Rey Juan Carlos I: de líder mundial más valorado al ¿por qué no te callas?

             El Rey y Hugo Chávez, en Madrid en 2009, tras el famoso incidente del ¿"Por qué no te callas? 
Fuente de la imagen: PAUL WHITE (AP)

Se ha dicho hasta la saciedad que Juan Carlos I resultaba un rey “personal”, identificando más a la Corona con su persona afable que con la institución monárquica en sí. Las urgencias por traer la democracia a España hicieron que convencidos republicanos de izquierda aceptasen y asumieran que el sistema estatal sería una Monarquía Parlamentaria en ese conflictivo periodo de transición desde una dictadura sombría a un amanecer democrático. Fue cuando surgió el término tan manido de “juancarlistas”; una forma de excusar esa traición a los ideales antimonárquicos, que acabó por trasladarse a la inmensa mayoría de la sociedad española.

Porque… ¿qué era en su perspectiva de conjunto la sociedad española de 1976? ¿Republicana, monárquica? ¿Conservadora y tradicionalista? ¿Ingenua y esperanzada? Pues sería todo eso en parte y en general; aunque políticos que lideraban partidos que en la Guerra Civil lucharon por la República renegaron de esa institución para traer la democracia, militantes de estos partidos mantuvieron intactos sus principios republicanos. A pesar de un sentimiento generalizado deseando el cambio democrático, mucha base social seguía prejuiciosa y manteniendo posturas reaccionarias, afines a mantener el régimen dictatorial. Eso dejaba poco margen a la monarquía, a simple vista, en efecto, España no era monárquica.

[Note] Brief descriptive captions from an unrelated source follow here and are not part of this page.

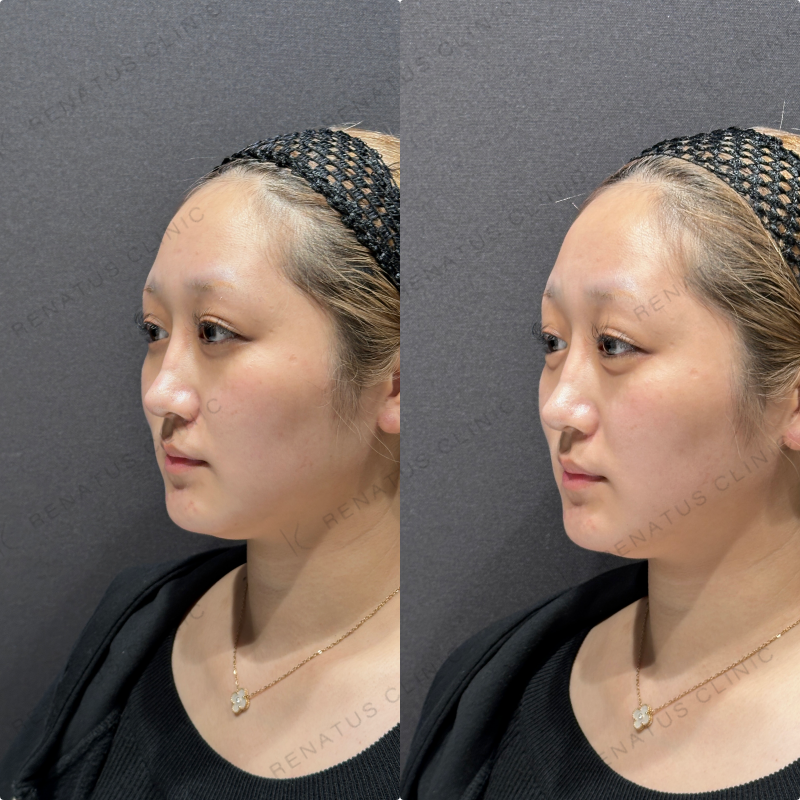 涙袋ヒアルロン酸ボルベラ症例写真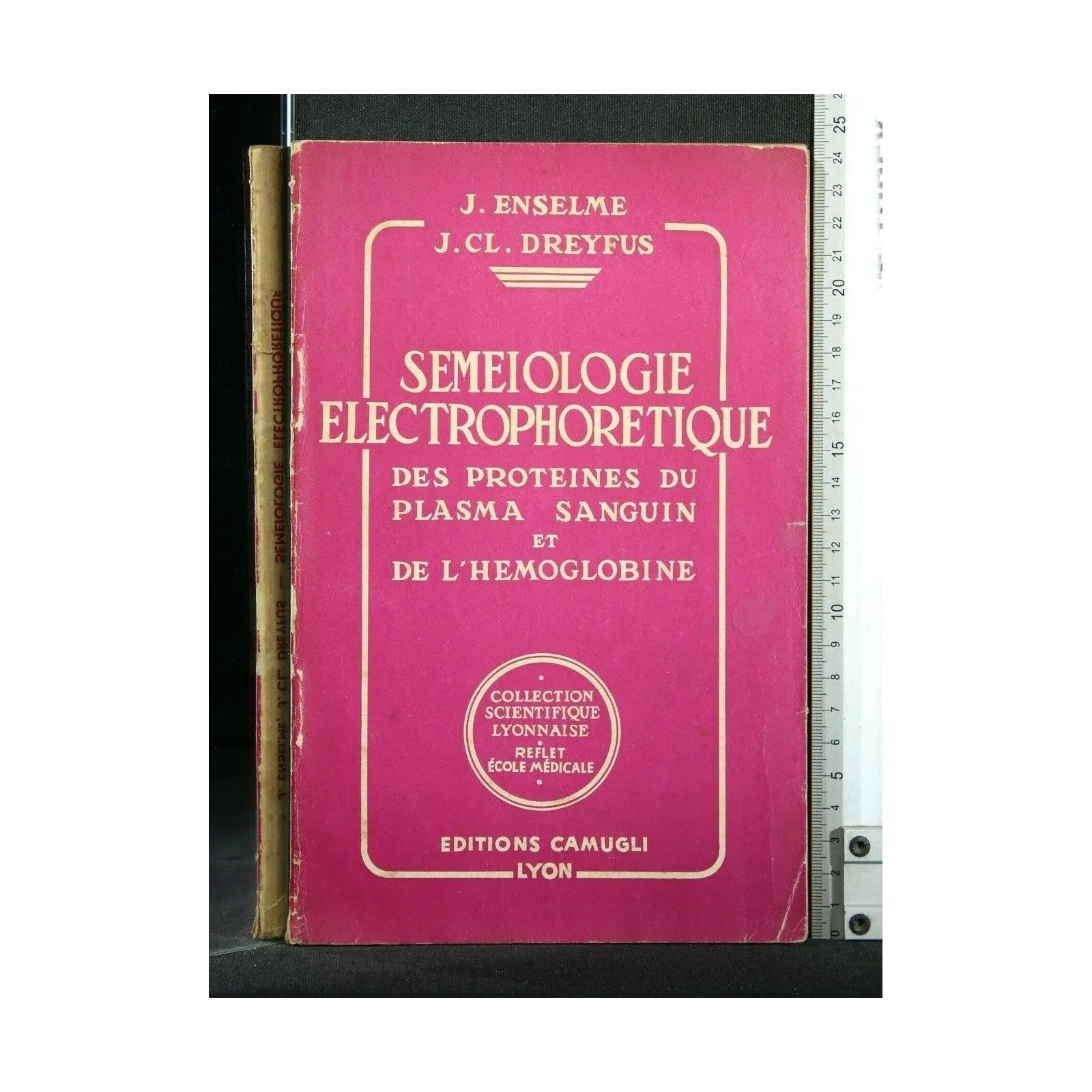 SEMEIOLOGIE ELECTROPHORETIQUE DES PROTEINES DU PLASMA SANGUIN DE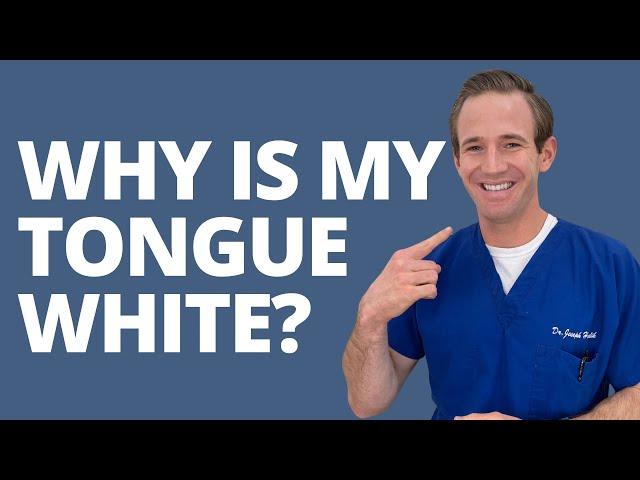 ASK DR. H - WHY IS MY TONGUE WHITE?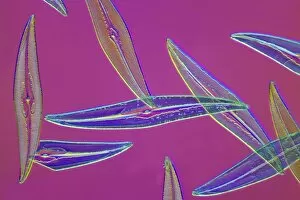 Pleurosigma sp diatoms, light micrograph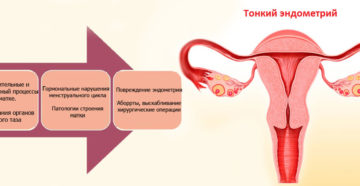 Тонкая матка при беременности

España se hizo, como dice el tópico, “juancarlista”; y ese mismo espíritu conciliador del rey Juan Carlos que resultaba tan “tolerable” a muchos sirvió a la Corona para institucionalizarse. Esa percepción pasó a América Latina. El mismo Rey decía, en la también “tópica entrevista” de Victoria Prego el año 2000 en la televisión estatal, que cuando iba a Iberoamérica le hacían sentirse como el monarca aún de esas tierras, que le daba pudor decirlo, pero que era así, que se referían a él como “el Rey”, sin especificar o aclarar, el Jefe del Estado español o el rey de España.


Esa sensación no es falsa, muchos intelectuales latinoamericanos así lo han reconocido; las encuestas del Latinobarómetro que se hacen cada año hacían del rey Juan Carlos I el líder mundial mejor valorado en toda América Latina hasta los roces de los gobiernos españoles con los países denominados “bolivarianos” en la primera década de este siglo. Además, la imagen de España quedaba ligada al monarca y viceversa. Sus errores y las “manchas” de corrupción pasaban, de inmediato, a la valoración general que se tenía del país España. Aún así, el rey Juan Carlos mantenía prestigio y consideración en el subcontinente que fomentaba acudiendo a todas las Cumbres Iberoamericanas y a los actos institucionales latinos de más relevancia.

En realidad, en América Latina pasaba algo similar a lo que ocurría en España pero más singular si cabe, propio del “realismo mágico”. Se asumía al monarca como parte de la realidad latinoamericana, su “Rey”, en un paraíso de repúblicas; si el republicanismo hispano triunfó de forma rotunda en algún sitio, este fue América Latina. Por tanto, en Iberoamérica estaba y está pasando la misma reacción hacia la Corona dada en España. El “juancarlismo” ya no es un predicamento, no resulta una idea “tolerable” y pasa por el momento de la crítica y el cuestionamiento, afectando a la monarquía como institución útil al pueblo y la democracia.

¿Conseguirá ser Felipe VI el “monarca de espíritu" para Latinoamérica como lo fue su padre? Hay queda otra de las muchas interrogantes que se pueden abrir desde la abdicación ayer del rey Juan Carlos.